本発明に係る運転評価手法の概要を示す図である。 本実施例に係る運転評価装置の構成を示すブロック図である。 減速値情報の一例を示す図である。 許容減速走行距離の算出例を示す図である。 減速区間終点における車両速度が0である場合の車両速度と走行距離との関係を示す図である。 減速区間終点における車両速度が0ではない場合の車両速度と走行距離との関係を示す図である。 運転評価装置が実行する処理手順を示すフローチャートである。
符号の説明
10 運転評価装置
11 制御部
11a 減速区間検出部
11b 許容減速走行距離算出部
11c 実走行距離算出部
11d 良否判定部
11e 判定結果蓄積部
11f 報知部
12 記憶部
12a 減速値情報
12b 判定結果情報
100 車両
101 アクセル開度センサ
102 車速センサ
103 エンジン回転数センサ

Claims (8)

  1. 車両の省燃費運転を評価する運転評価装置であって、
    前記省燃費運転の評価対象となる減速区間の始点および終点をアクセル開度率に基づいて検出する減速区間検出手段と、
    所定の走行速度から所定の減速完了速度まで安全に減速できる単位時間あたりの減速値をあらわす減速値情報を記憶する減速値情報記憶手段と、
    前記減速区間検出手段によって前記始点が検出されてから前記終点が検出されるまでの実走行距離を算出する実走行距離算出手段と、
    前記減速区間検出手段によって検出された前記始点における走行速度に対応する前記減速値を前記減速値情報記憶手段から取得し、当該走行速度および当該減速値に基づく許容減速走行距離を算出する許容減速走行距離算出手段と、
    前記実走行距離算出手段によって算出された実走行距離と前記許容減速走行距離算出手段によって算出された許容減速走行距離との対比に基づいて前記始点における減速タイミングの良否を判定する良否判定手段と
    を備えたことを特徴とする運転評価装置。
  2. 前記減速区間検出手段は、
    車両のエンジン回転数が所定の回転数閾値を上回っている場合であって、かつ、前記アクセル開度率が所定の開度率閾値を下回った場合に、前記減速区間の始点を検出し、当該始点を検出した後、前記アクセル開度率が前記開度率閾値以上となった場合に、前記減速区間の終点を検出することを特徴とする請求項1に記載の運転評価装置。
  3. 前記減速区間検出手段は、
    前記減速区間の始点を検出した後、前記アクセル開度率が前記開度率閾値以上とはならない場合であっても、車両の走行速度が0となったことを条件として前記減速区間の終点を検出することを特徴とする請求項2に記載の運転評価装置。
  4. 前記減速区間検出手段は、
    車両の走行速度が所定の速度閾値を上回っている場合に、前記始点および前記終点を検出することを特徴とする請求項1、2または3に記載の運転評価装置。
  5. 前記良否判定手段は、
    前記実走行距離から前記許容減速走行距離を差し引いた値が所定の判定閾値を上回った場合に、前記始点のタイミングを良好であると判定することを特徴とする請求項1〜4のいずれか一つに記載の運転評価装置。

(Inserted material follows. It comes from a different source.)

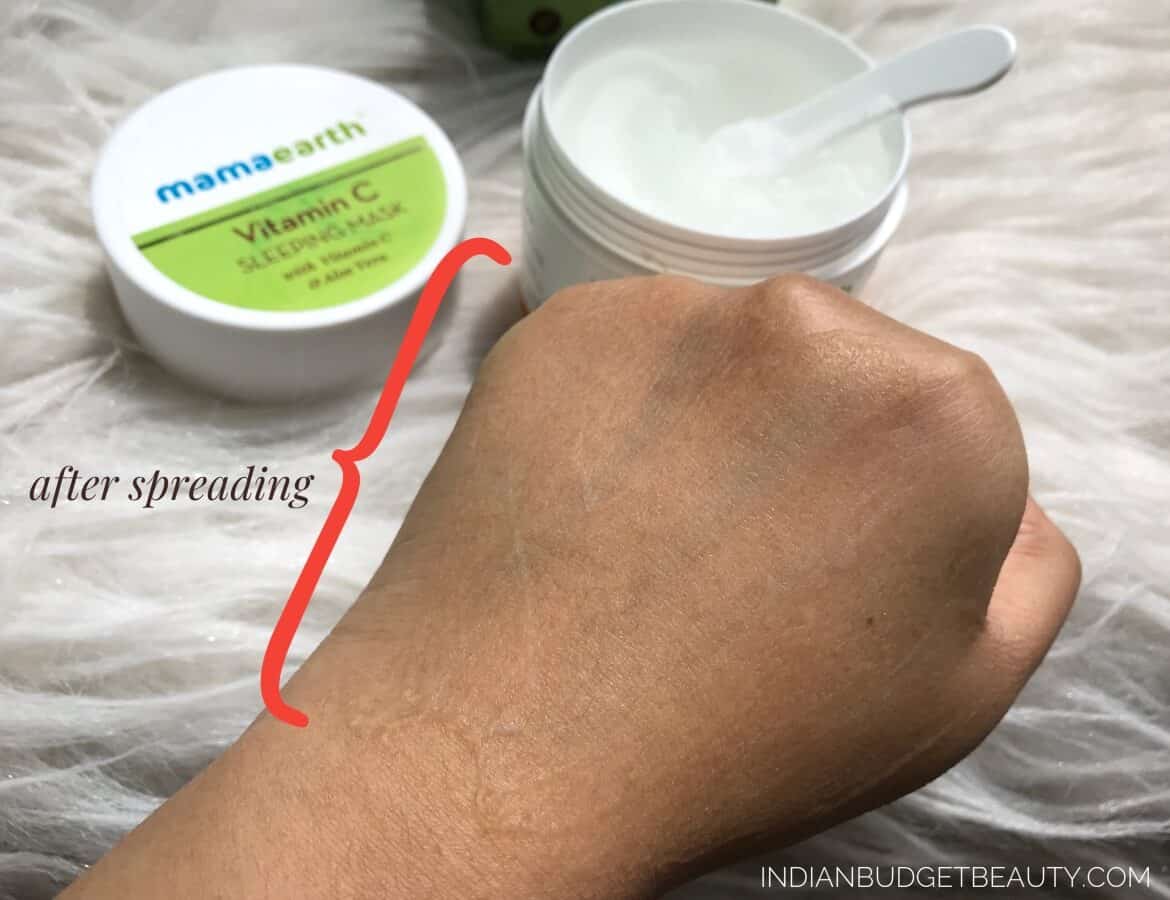 Mamaearth Vitamin C Sleeping Mask Review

  6. 前記良否判定手段による良否判定結果の履歴を記憶する履歴記憶手段と、
    前記履歴記憶手段に記憶された前記履歴の内容を報知する報知手段と
    をさらに備えたことを特徴とする請求項1〜5のいずれか一つに記載の運転評価装置。
  7. 前記減速値情報記憶手段に記憶される減速値情報は、
    特定の実測条件に基づいて予め取得された前記減速値の平均値であることを特徴とする請求項1〜6のいずれか一つに記載の運転評価装置。

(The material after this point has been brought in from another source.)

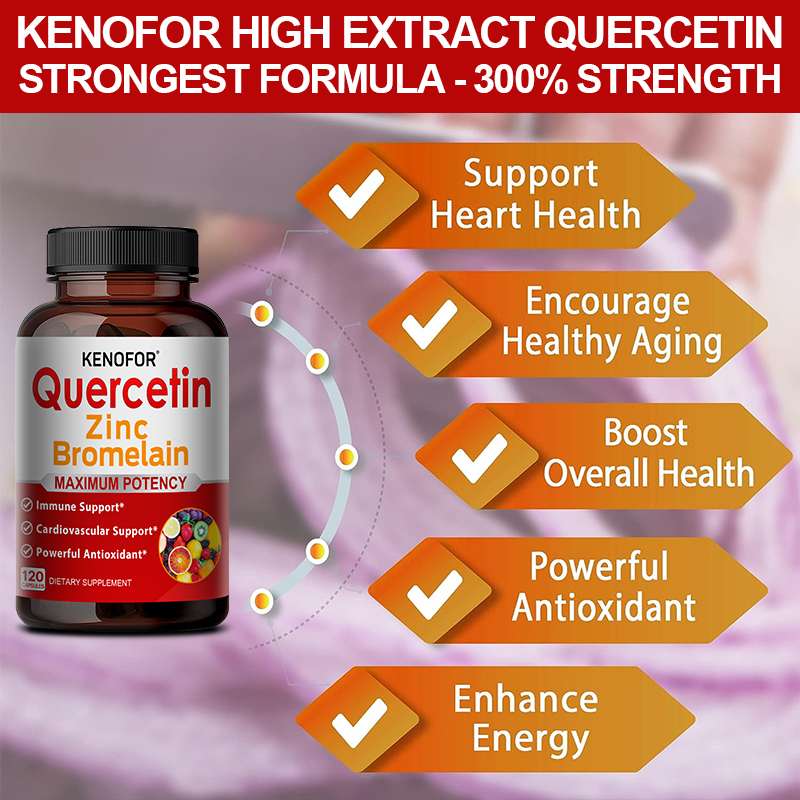 Kapsul Zinc Quercetin Bromelai - Wellness Quercetin ulasan dan harga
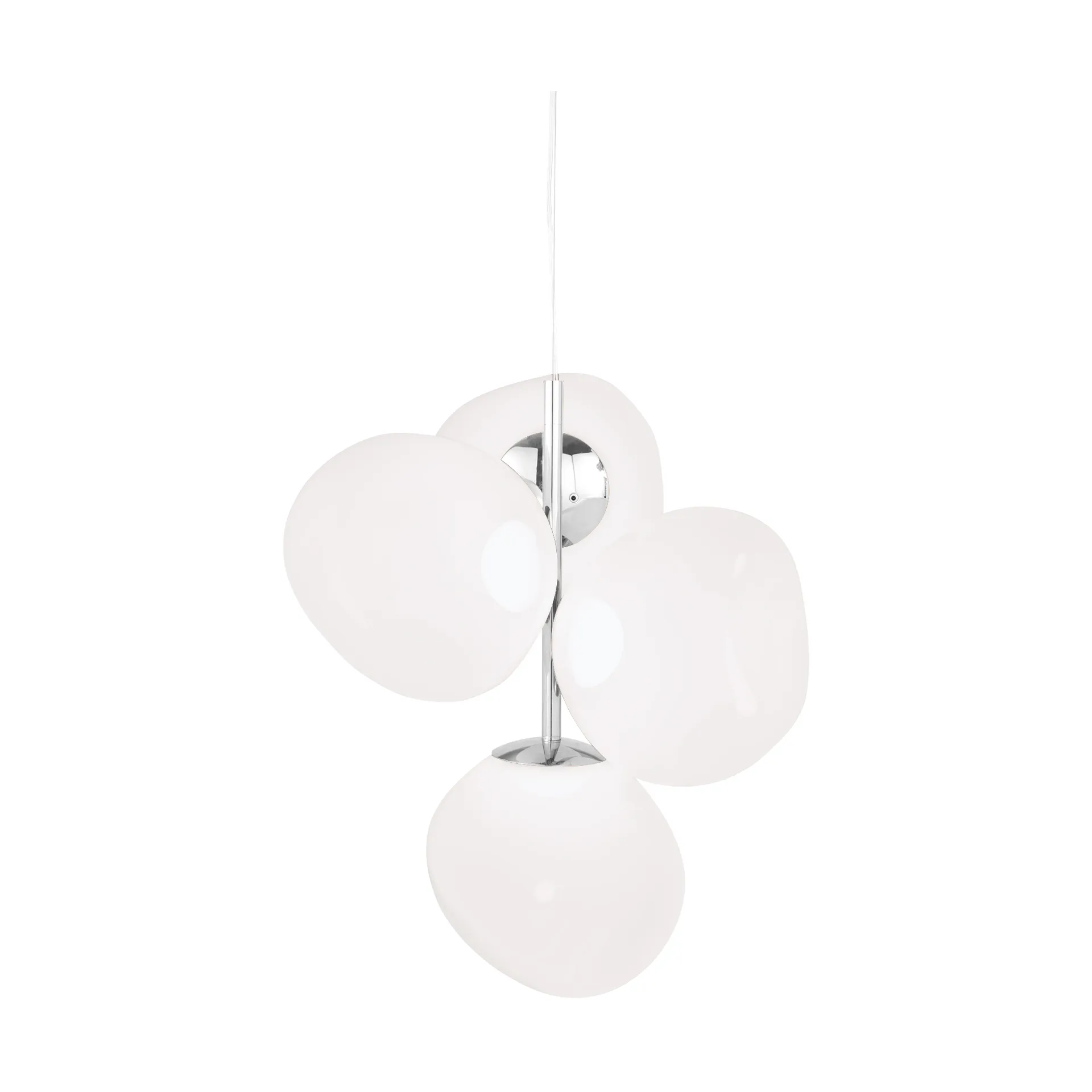 Melt Chandelier small Kronleuchter LED 103 cm, Opal-silver Tom Dixon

  8. 車両の省燃費運転を評価する運転評価方法であって、
    前記省燃費運転の評価対象となる減速区間の始点および終点をアクセル開度率に基づいて検出する減速区間検出工程と、
    所定の走行速度から所定の減速完了速度まで安全に減速できる単位時間あたりの減速値をあらわす減速値情報を記憶する減速値情報記憶工程と、
    前記減速区間検出工程によって前記始点が検出されてから前記終点が検出されるまでの実走行距離を算出する実走行距離算出工程と、
    前記減速区間検出工程によって検出された前記始点における走行速度に対応する前記減速値を前記減速値情報記憶工程から取得し、当該走行速度および当該減速値に基づく許容減速走行距離を算出する許容減速走行距離算出工程と、
    前記実走行距離算出工程によって算出された実走行距離と前記許容減速走行距離算出工程によって算出された許容減速走行距離との対比に基づいて前記始点における減速タイミングの良否を判定する良否判定工程と
    を含んだことを特徴とする運転評価方法。